Panel 5

Panel 5 – What Happened to “Songs of the New Arab Revolutions” ?
Panel Abstract: What happens to revolutionary music when its revolution founders? Throughout the tumult of the Arab spring, music demonstrated its power to galvanize sentiment and mobilize civil society. In June 2011 a Facebook group was founded, harnessing the power of social media to document and disseminate videos representing musical dimensions of these striking social movements. Subsequently, a collective of ten group members emerged, each using materials posted to the group to create a five-minute short, centered on a particular theme; these videos were assembled into a documentary entitled “Songs of the New Arab Revolutions”. Completed and screened in fall 2012 this film celebrated the power of music to express, to mobilize, to resist, and to change: music of and for grief, anger, and hope; music of and for empowerment; music of and for freedom and social progress.

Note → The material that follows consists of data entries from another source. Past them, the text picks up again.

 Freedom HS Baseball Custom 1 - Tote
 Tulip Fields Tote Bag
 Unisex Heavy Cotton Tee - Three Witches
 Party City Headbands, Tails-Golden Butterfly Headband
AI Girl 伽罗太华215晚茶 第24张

But events of the past three years demand a radical reinterpretation of this material. What happened to the songs, composers, lyricists, and performers of the “New Arab Revolutions”? What happened to the sentiments they expressed and stirred? Must musical sentiment become nostalgic sentimentality? How do the filmmakers themselves interpret and experience these changes? Following a screening of the original film, panel members – including several of the filmmakers – will participate in a roundtable discussion, in order to retrospectively reflect on the unfinished project of the Arab Spring as expressed, propelled, and nostalgically recollected through song. Finally, we reflect on the limits on music’s ability to be imbued with durable social meaning, revolutionary or otherwise, and the limits on its social power.

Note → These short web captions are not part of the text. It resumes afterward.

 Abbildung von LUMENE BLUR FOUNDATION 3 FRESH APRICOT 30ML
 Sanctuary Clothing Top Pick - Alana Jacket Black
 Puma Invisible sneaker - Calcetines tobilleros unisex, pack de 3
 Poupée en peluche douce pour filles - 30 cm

Bio: Michael Frishkopf is Professor of Music, Associate Director of the Canadian Centre for Ethnomusicology, and folkwaysAlive! Research Fellow at the University of Alberta. His research focuses on the music and sounds of Islam, the Arab world, and West Africa. Research interests also include music for development, social network theory, digital music repositories, and music in cyberworlds. A SSHRC-funded collaborative project, Music and Architecture in the Muslim World, centers on intersecting soundscapes and landscapes of the Muslim world.Recent productions include an edited collection, Music and Media in the Arab World, a collaborative video, “Songs of the New Arab Revolutions”, two music CDs supporting West African development (bit.ly/buducd and kinkadrum.org), a series “Songs for sustainable development and peace”, and numerous articles and book chapters, including the forthcoming “Venerating Cairo’s saints through music and monument.” Professor Frishkopf has received major research grants from the Social Science and Humanities Research Council (SSRHC), the Canadian Heritage Information Network, the American Research Center in Egypt, the Social Science Research Council (USA), the Fulbright Program, the Woodrow Wilson Foundation, and the National Endowment for the Humanities.

Iman Mersal is an Associate Professor in the Department of Modern Languages and Cultural Studies at the University of Alberta. She co-founded Bint al-Ard (Daughter of the Earth), which she co-edited from 1986 to 1992. Her work has appeared in Blackbird, The American Poetry Review, “Parnassus”, and Paris Review. She has read at numerous poetry festivals, including the London Poetry Parnassus, billed as the biggest gathering of poets in world history, where she represented Egypt. Iman Mersal is also the author of four books of poems in Arabic. Her poems appeared in Paris Review, American Poetry Review, The Kenyon Review and Michigan Quarterly Review.  Selected poems from Mersal’s oeuvre have been translated into numerous languages, including French, German, Spanish, Dutch, Italian and Hebrew. These Are Not Oranges, My Love, a selection of Mersal’s work translated into English by Khaled Mattawa, was published by Sheep Meadow, New York in 2008.

Guilnard Moufarrej is an Assistant Professor in the Languages and Cultures Department, U.S. Naval Academy.

Nermeen Youssef is a PhD Candidate at the Department of Pharmacology at the University of Alberta. She is a researcher at Peter Light’s lab in the Alberta Diabetes Institute and one of the three U of A co contestants who presented their revolutionary ideas at the Falling Walls Lab finale Nov. 8 in Berlin, part of an international conference held during 25th anniversary celebrations of the fall of the Berlin Wall. She also won second place at the U of A qualifier, joined engineering post-doc Zack Storms and chemical engineering PhD student Diana Martinez Tobon in representing the university at the Berlin finale.